Thus, the critical issues here are (1) whether it was Plaintiff who terminated PBB's representation or vice versa; and (2) whether PBB's withdrawal was voluntary or mandatory under the Rules. As to the first question, the Court agrees with Judge Schopler that it was PBB who terminated this representation. Specifically, an October 8, 2020 email from PBB to Plaintiff states that “[t]here may be a question as to whether you would want to continue working with PBB as counsel, without Ryan Graham's involvement. Again, we do not view that as feasible.” ECF No. 218 at 26. An individual in Plaintiff's shoes would reasonably interpret this to mean that under no circumstances, with or without Mr. Graham, would PBB represent Plaintiff.
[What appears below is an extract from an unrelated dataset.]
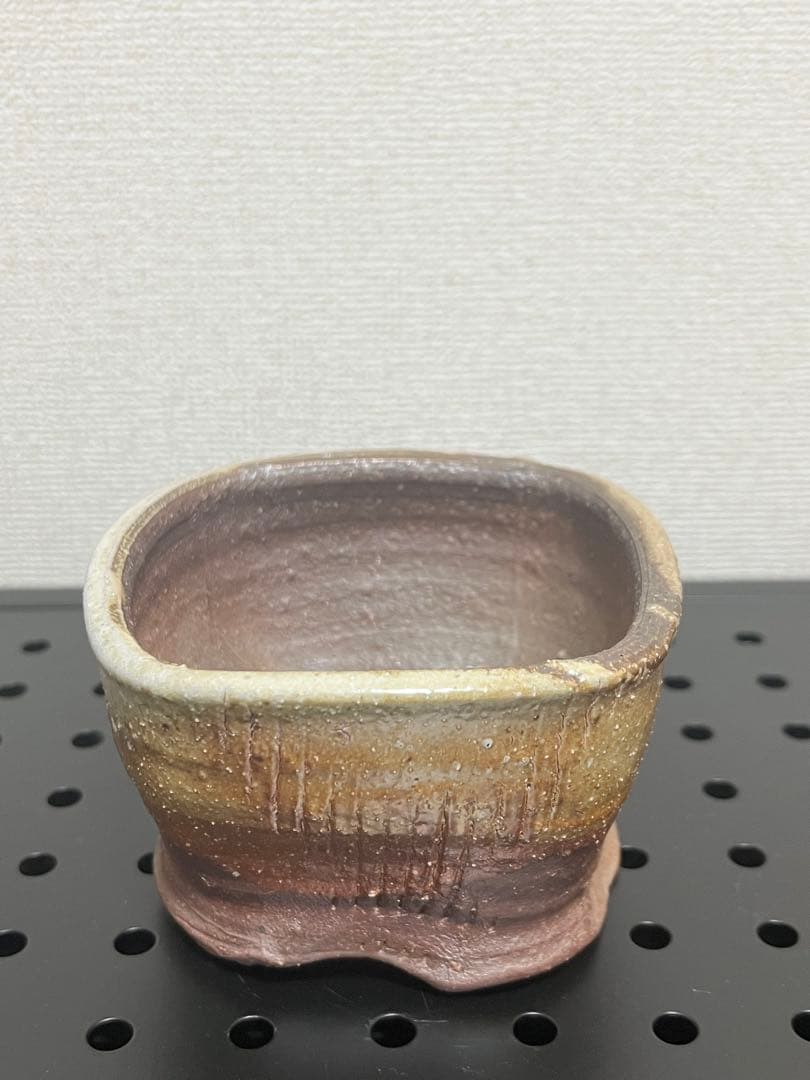 陶器鉢セット　塊根植物　浅鉢　深鉢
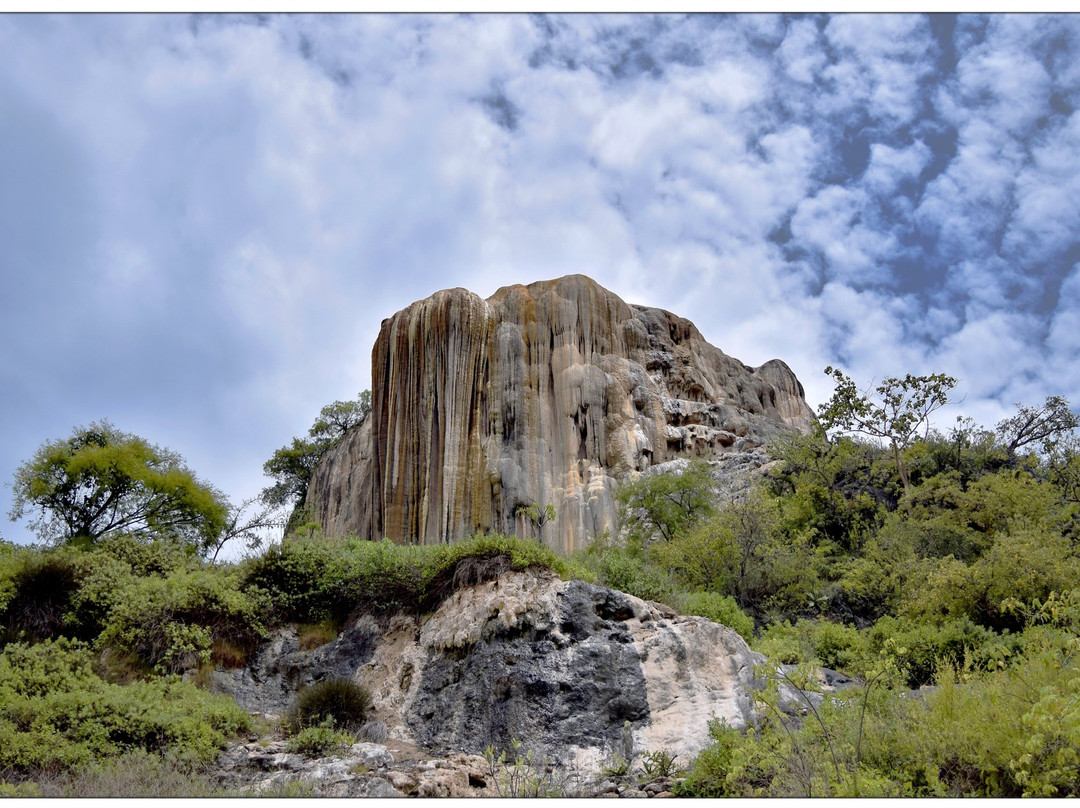 Zapotecos Tours景点图片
Nothing in the record indicates that Plaintiff had voluntarily and definitively closed the door on PBB's continued representation of her without Mr. Graham prior to the October 8, 2020 email.
As to the second question, the Court further agrees with Judge Schopler that mandatory withdrawal of PBB under the Rules was not required in this situation. The California Rules of Professional Conduct state that withdrawal is mandatory when: (1) the lawyer knows the client is bringing an action, conducting a defense, asserting a position in litigation, etc. without probable cause and for the purpose of harassing or maliciously injuring any person; (2) the lawyer knows or reasonably should know that representation will result in violation of the Rules; (3) the lawyer's mental or physical condition renders it unreasonably difficult to carry out the representation effectively; or (4) the client discharges the lawyer. Cal. R. Pro. Conduct 1.16(a). Circumstances rising to one of these four reasons for mandatory withdrawal do not appear anywhere in the record. The declaration in PBB's initial Brief on this matter states that after Mr. Graham left PBB it “became extremely difficult and frankly awkward for the firm to continue to represent Ms. Vuz particularly because Ms. Vuz continued to trust Mr. Graham, remained friends with him and specifically told [PBB] that he would continue to represent her throughout the pendency of this matter.” ECF No. 202-1 ¶ 6 (Declaration of Avi Burkwitz, Esq.). “Awkwardness” does not give rise to mandatory withdrawal under California law.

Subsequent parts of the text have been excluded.